Start of Source material

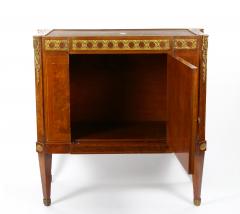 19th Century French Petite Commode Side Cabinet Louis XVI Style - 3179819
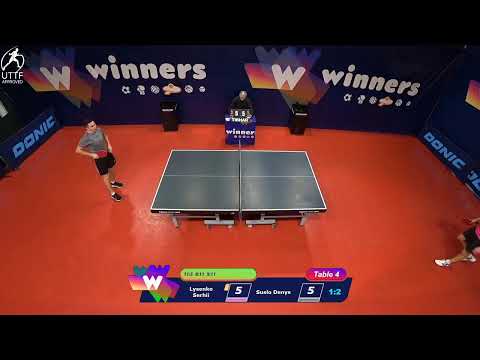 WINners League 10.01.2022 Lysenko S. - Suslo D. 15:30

End of Source material
Start of Source material

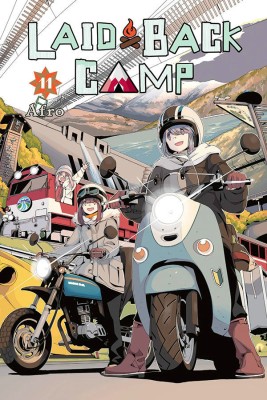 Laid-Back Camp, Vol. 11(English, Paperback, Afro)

End of Source material

_Action item_. Whatever pictures the records hold, omit them; give again exactly the lines from the one containing "19th Century French" through the one containing "WINners League 10.01.2022".

_Expected answer_.
 19th Century French Petite Commode Side Cabinet Louis XVI Style - 3179819
 WINners League 10.01.2022 Lysenko S. - Suslo D. 15:30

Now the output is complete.